Literature DB >> 9706951

The efficacy of RS-25259, a long-acting selective 5-HT3 receptor antagonist, for preventing postoperative nausea and vomiting after hysterectomy procedures.

J Tang1, R D'Angelo, P F White, P E Scuderi.   

Abstract

UNLABELLED: We evaluated the safety and efficacy of RS-25259, a potent and long-acting selective 5-HT3 receptor antagonist, for the prevention of postoperative nausea and vomiting (PONV) in women undergoing hysterectomy procedures. In this randomized, double-blind, placebo controlled, dose-ranging study, 218 healthy, consenting women were assigned to one of the six treatment groups: placebo or RS-25259 0.1, 0.3, 1.0, 3.0, or 30 microg/kg. All patients underwent a standardized general anesthetic technique. The study medication was administered i.v. 20-30 min before the end of surgery. During the initial 24-h period after surgery, the incidence of vomiting, the need for rescue antiemetics, the time to the first episode of emesis, and administration of rescue antiemetic medication, as well as a nausea visual analog scale and verbal categorical scale scores were recorded. In addition, recovery times from the end of anesthesia and the incidences of perioperative side effects were noted. Only 30 microg/kg RS-25259 significantly decreased the incidence of vomiting and the requirement for rescue antiemetics.
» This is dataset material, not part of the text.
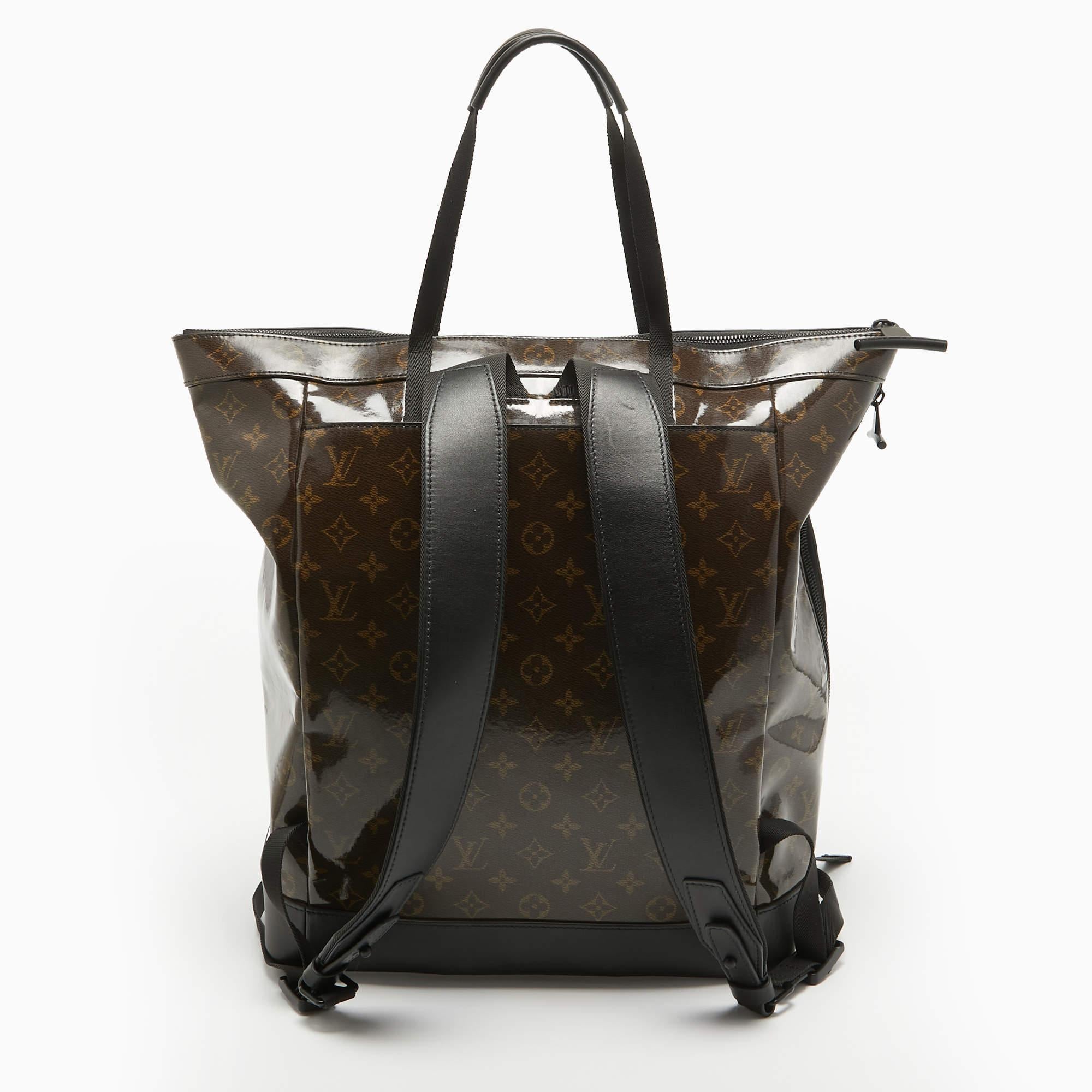 Les créations de Louis Vuitton sont populaires en raison de leur style élevé et de leur fonctionnalité. Ce sac, comme tous les autres sacs à main, est durable et élégant. D'une finition soignée, le sac est conçu pour offrir une expérience luxueuse.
The largest dose of RS-25259 also delayed the time to the first emetic episode and reduced the number of treatment failures. However, no differences were found in the severity of postoperative nausea (versus saline), and postoperative headaches were more common after the administration of RS-25259 0.3-30 microg/kg i.v. In conclusion, RS-25259 30 microg/kg i.v. was effective in reducing the incidence of PONV after major gynecologic surgery, but the occurrence of headaches with the larger doses of RS-25259 is a concern. IMPLICATIONS: RS-25259, a long-acting 5-HT3 antagonist, was effective in reducing postoperative vomiting only at the largest dose studied (30 microg/kg). However, RS-25259 had no antinausea activity, and the larger doses were associated with an increased incidence of headaches in the postoperative period.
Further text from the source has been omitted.